WORK ITEM: Give back the whole listing exactly as shown.
::::
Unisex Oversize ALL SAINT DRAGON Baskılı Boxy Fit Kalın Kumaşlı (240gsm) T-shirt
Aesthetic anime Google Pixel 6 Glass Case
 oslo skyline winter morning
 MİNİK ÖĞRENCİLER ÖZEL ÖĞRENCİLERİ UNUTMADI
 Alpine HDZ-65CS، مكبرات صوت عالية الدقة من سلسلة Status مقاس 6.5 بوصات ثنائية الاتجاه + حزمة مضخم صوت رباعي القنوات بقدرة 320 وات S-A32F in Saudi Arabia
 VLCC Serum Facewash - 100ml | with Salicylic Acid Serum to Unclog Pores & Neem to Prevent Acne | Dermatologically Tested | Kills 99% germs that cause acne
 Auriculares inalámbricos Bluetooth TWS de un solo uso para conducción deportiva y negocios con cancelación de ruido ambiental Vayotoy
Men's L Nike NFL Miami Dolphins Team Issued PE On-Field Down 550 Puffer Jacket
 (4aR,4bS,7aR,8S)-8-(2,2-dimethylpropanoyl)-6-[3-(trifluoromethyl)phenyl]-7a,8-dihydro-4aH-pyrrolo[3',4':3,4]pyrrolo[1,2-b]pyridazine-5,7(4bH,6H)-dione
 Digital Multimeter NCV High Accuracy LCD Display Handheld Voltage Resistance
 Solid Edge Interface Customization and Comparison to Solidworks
::::
EXPECTED ANSWER:
Unisex Oversize ALL SAINT DRAGON Baskılı Boxy Fit Kalın Kumaşlı (240gsm) T-shirt
Aesthetic anime Google Pixel 6 Glass Case
 oslo skyline winter morning
 MİNİK ÖĞRENCİLER ÖZEL ÖĞRENCİLERİ UNUTMADI
 Alpine HDZ-65CS، مكبرات صوت عالية الدقة من سلسلة Status مقاس 6.5 بوصات ثنائية الاتجاه + حزمة مضخم صوت رباعي القنوات بقدرة 320 وات S-A32F in Saudi Arabia
 VLCC Serum Facewash - 100ml | with Salicylic Acid Serum to Unclog Pores & Neem to Prevent Acne | Dermatologically Tested | Kills 99% germs that cause acne
 Auriculares inalámbricos Bluetooth TWS de un solo uso para conducción deportiva y negocios con cancelación de ruido ambiental Vayotoy
Men's L Nike NFL Miami Dolphins Team Issued PE On-Field Down 550 Puffer Jacket
 (4aR,4bS,7aR,8S)-8-(2,2-dimethylpropanoyl)-6-[3-(trifluoromethyl)phenyl]-7a,8-dihydro-4aH-pyrrolo[3',4':3,4]pyrrolo[1,2-b]pyridazine-5,7(4bH,6H)-dione
 Digital Multimeter NCV High Accuracy LCD Display Handheld Voltage Resistance
 Solid Edge Interface Customization and Comparison to Solidworks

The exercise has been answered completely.